On the '80 Scirocco_S that I owned back in the early 90's, I had "grey" black textured bumpers. My solution was to hit them with Rustoleum Flat Black. 
There are some other techniques that involve a black shoe product, and other things discussed here: http://forums.vwvortex.com/zerothread?id=4463128


----------



## lokic (Sep 7, 2005)

*Re: Help, restoring..or preventing splotches on my black fender flares (where_2)*

thanx for the tips, i might just pull'em off and spray them. Not that hard, just wondered if theres a better way, or better way to prevent having to do this every year or two. Thanks for the reply!


----------



## brian81 (Apr 19, 2007)

*Re: Help, restoring..or preventing splotches on my black fender flares (lokic)*

It looks to me like your arches have been already sprayed with something. One on the early GTIs I had for 20 years was never garaged, and if it wasn't detailed regularly the flares would look like the light grey patches you have.
A permanant fix is to prep them properly and spray them with Krylon Fusion Satin Black. It etches the plastic so it doesn't need an adhesion agent. You'll need to strip off whatever is on there and then wash and hit them with prep solvent to make sure there's no silicone left. I'd try a Scothcal pad or a plastic paint wheel in a drill if you want to kep the texture.
A bunch of Lotus guys I know got tired of putting Back-to-Black on all of the plastic vents on the car, and hit them with Fusion.
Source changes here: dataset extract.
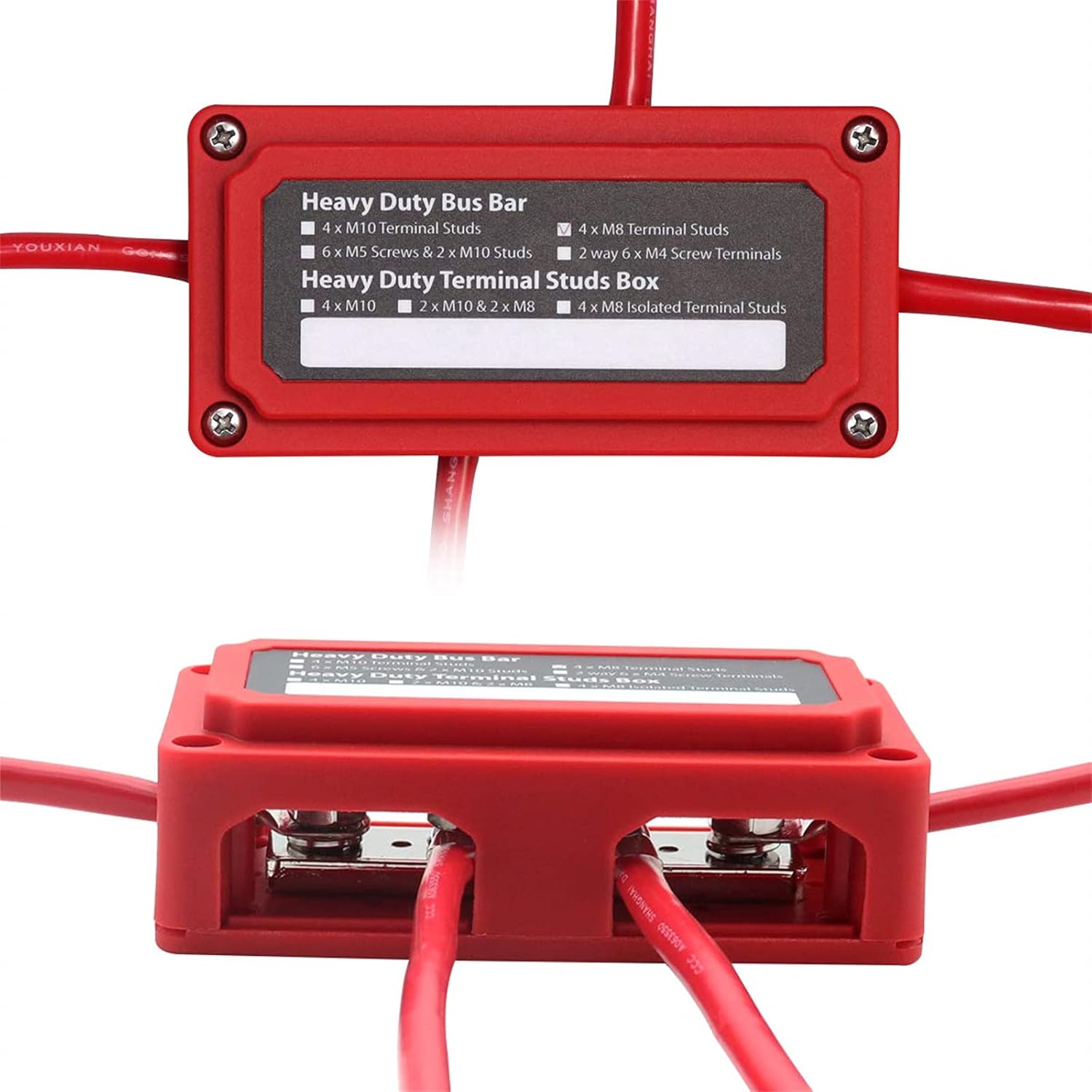 Heavy Duty Bus Bar Box M8 300A with 4 Terminal Studs Power Distribution Box Block Boating Fishing Battery Switches Busbars 12v-24v Max 48V (Red)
Another nice thing is that excess wax comes right off.


----------



## vwguy3 (Jul 30, 2002)

*Re: Help, restoring..or preventing splotches on my black fender flares (lokic)*

I always wondered if you could take them off and put a polishing wheel on a bench grinder and use some polishing compound that is made for plastics? Anyone got a opinion on that method?
Thanks
Justind


----------



## ylwmeansgo (Jan 19, 2008)

*Re: Help, restoring..or preventing splotches on my black fender flares (vwguy3)*

usually the buffing pad would build up to much heat and melt the plastic


----------



## jesselyons2002 (Aug 24, 2009)

*Re: Help, restoring..or preventing splotches on my black fender flares (brian81)*

I would go with what he is saying. It does look like someone spray those flare before. Just now the paint is coming off. Duplicor sell a trim paint. I would just mask the flare around and repaint them. But if you sand the flare. You might lose the the texture on them. So try using a paint stripper. So it removes the paint and so you can save the texture if you want,


----------



## vwguy3 (Jul 30, 2002)

*Re: Help, restoring..or preventing splotches on my black fender flares (jesselyons2002)*

I remember an old boss of mine liked to do plastic car models and once told me that if he screwed up on painting the shell of the car to would just soak it in brake fluid. It would strip the paint off but wouldn't harm the plastic model. Just a though and don't know if that would work. I don't know if it would work on all types of paint or just the kind you paint models with.
Thanks
justind


----------



## litesleeper (Sep 19, 2009)

*Re: Help, restoring..or preventing splotches on my black fender flares (vwguy3)*

Duplicolor has stuff for plastic. 
http://www.duplicolor.com/products/bumper.html http://****************.com/smile/emthup.gif


----------